**Records for the exercise**

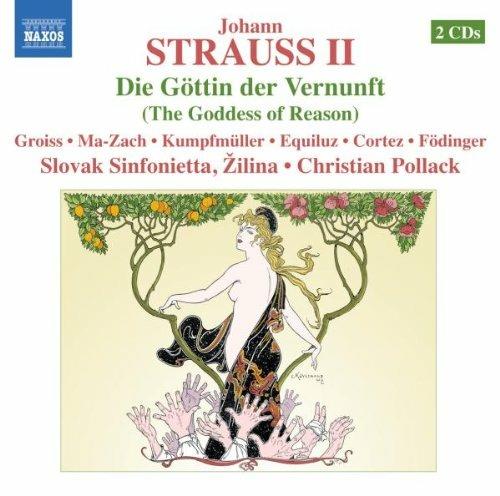 La Dea della Ragione (Die Göttin der Vernunft) - CD Audio di Johann Strauss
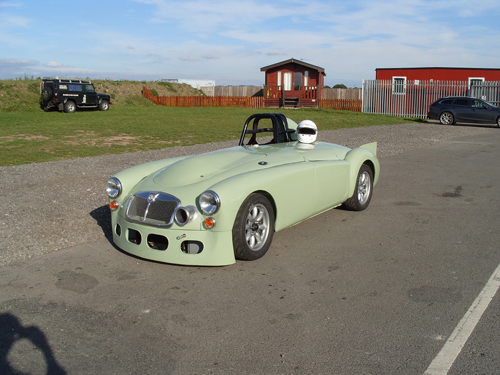 MGA at 2014 Bonneville Speed Week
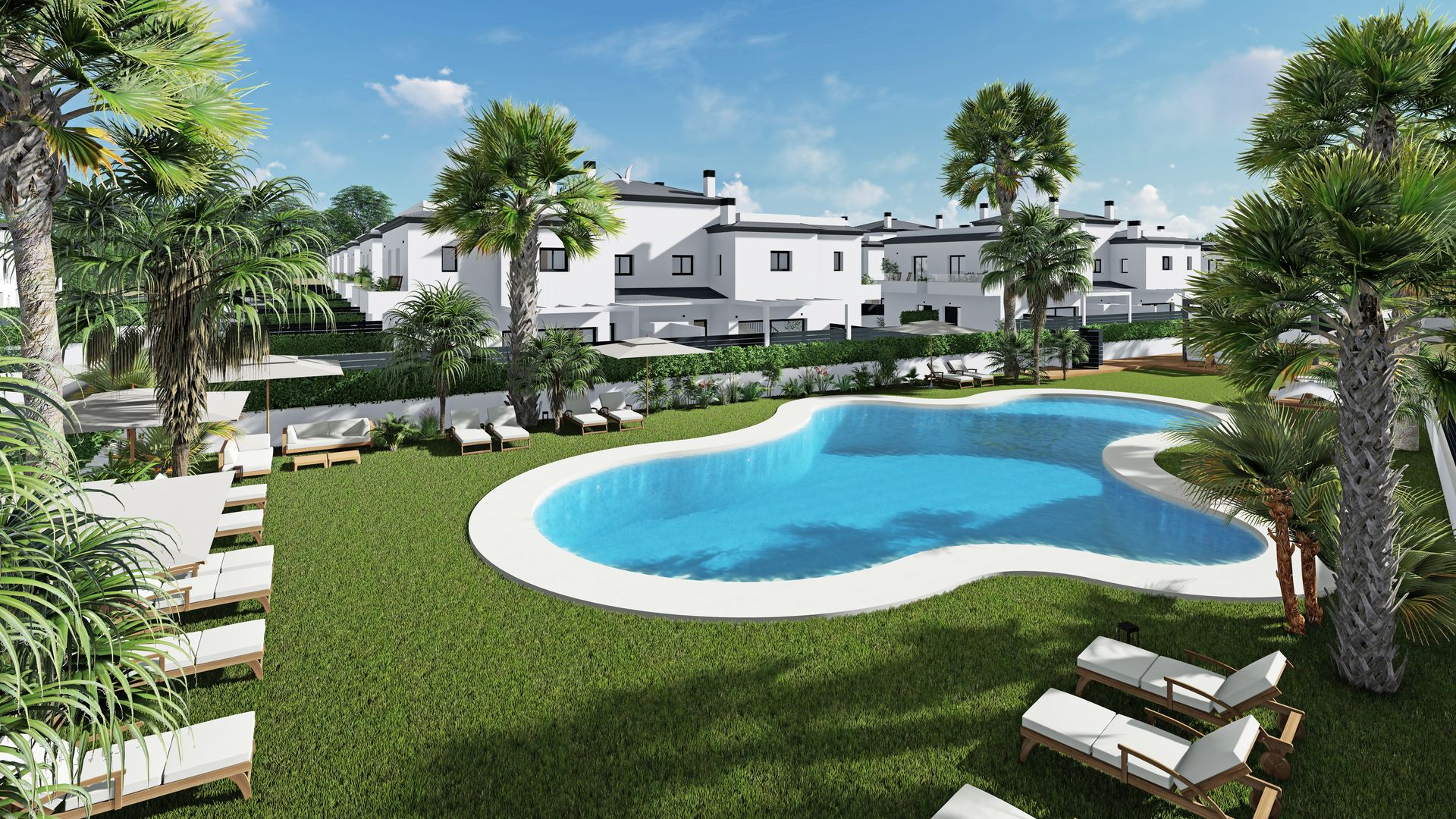 Nieuwbouw  - semi-detached - Gran Alacant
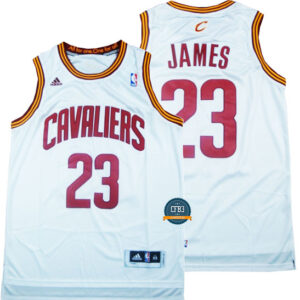 LeBron James, Cleveland Cavaliers - White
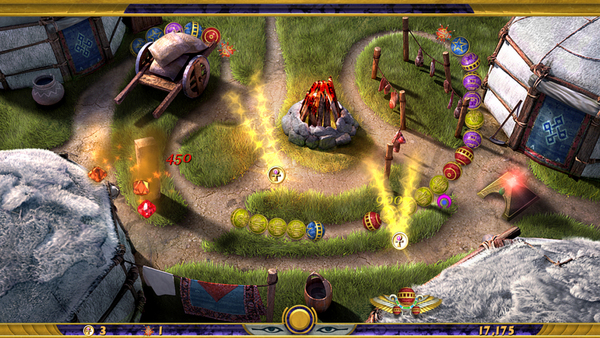 Screenshot z Luxor: Quest for the Afterlife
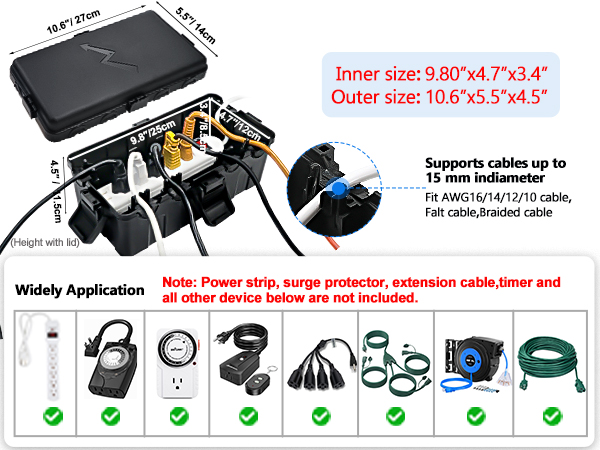 outdoor electrical box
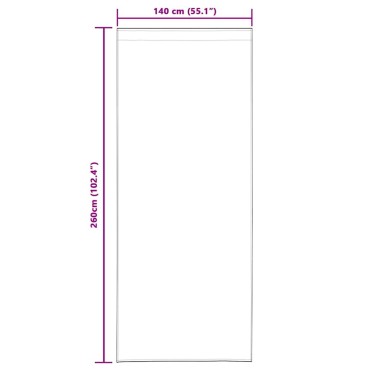 vidaXL Κουρτίνες 2 τμχ. Μαύρο 140x260cm Βελούδο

**Required action**
All of the data above should be transcribed verbatim, with pictures omitted.

**Written response**
 La Dea della Ragione (Die Göttin der Vernunft) - CD Audio di Johann Strauss
 MGA at 2014 Bonneville Speed Week
 Nieuwbouw  - semi-detached - Gran Alacant
 LeBron James, Cleveland Cavaliers - White
 Screenshot z Luxor: Quest for the Afterlife
 outdoor electrical box
 vidaXL Κουρτίνες 2 τμχ. Μαύρο 140x260cm Βελούδο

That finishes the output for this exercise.